Professor Li Huafeng, one of the important academic leaders in this project, has published research on medical image processing many times, such as a study entitled "Medical Image Fusion Based on Sparse Representation" as early as 2017, and a study entitled "Feature dynamic alignment and refinement for infrared–visible image fusion: Translation robust fusion" in 2023.
Paper address:
https://liip.kust.edu.cn/servletphoto?path=lw/00000311.pdf
Paper address:
https://www.sciencedirect.com/science/article/abs/pii/S1566253523000519
In addition, Li Huafeng has partnered with Professor Zhang Yafei many times to jointly publish related research, such as the research titled "Medical Image Fusion with Multi-Scale Feature Learning and Edge Enhancement" published in 2022. In this study, the team proposed a medical image fusion model based on multi-scale feature learning and edge enhancement, which can alleviate the problem of blurred boundaries between different organs in medical image fusion. The results obtained by the proposed method are better than the comparative method in terms of both subjective visual effects and objective quantitative evaluation.
Paper address:
https://researching.cn/ArticlePdf/m00002/2022/59/6/0617029.pdf
As the saying goes, a strong alliance is impeccable. The professional academic capabilities of Professor Li Huafeng, Professor Zhang Yafei's team and Associate Professor Cai Qing in the field of medical image processing are undoubtedly the key to the success of this project. We look forward to the continued cooperation between the two parties and to continue to publish cutting-edge results in the field of AI for Science in the future.

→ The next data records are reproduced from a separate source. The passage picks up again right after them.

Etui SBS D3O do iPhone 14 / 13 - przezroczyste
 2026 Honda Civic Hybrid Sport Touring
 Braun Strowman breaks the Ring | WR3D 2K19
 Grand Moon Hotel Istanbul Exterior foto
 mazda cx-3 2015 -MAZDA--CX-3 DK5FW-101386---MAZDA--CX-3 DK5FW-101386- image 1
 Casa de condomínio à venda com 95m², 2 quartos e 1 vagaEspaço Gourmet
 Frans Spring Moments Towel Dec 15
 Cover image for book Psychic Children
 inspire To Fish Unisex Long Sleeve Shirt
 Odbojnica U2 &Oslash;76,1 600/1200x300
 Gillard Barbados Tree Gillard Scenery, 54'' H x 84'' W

Hybrid multimodal medical image fusion becomes a trend
As multimodal medical image fusion plays an increasingly important role, its technological development is bound to move towards the direction of integration and intelligence.
As mentioned in this topic, in the study of fusion methods based on deep learning, researchers noticed that the CNN-based method and the Transformer-based method have complementary advantages. Therefore, some researchers proposed DesTrans, DFENet, and MRSC-Fusion. These studies use a hybrid approach to make the advantages of the two technologies complementary, thereby improving the efficiency of the fusion method.
In addition to deep learning-based fusion methods, multimodal medical image fusion methods also include traditional fusion methods, such as multi-scale transformation, sparse representation, subspace-based, salient feature-based, hybrid models, etc. Similarly, hybrid methods based on deep learning + traditional methods have also emerged.
The trends of the above studies can be seen.In the future, the method of multimodal medical image fusion will inevitably show a development trend based on deep learning as the mainstream, while mixing a variety of technical assistance.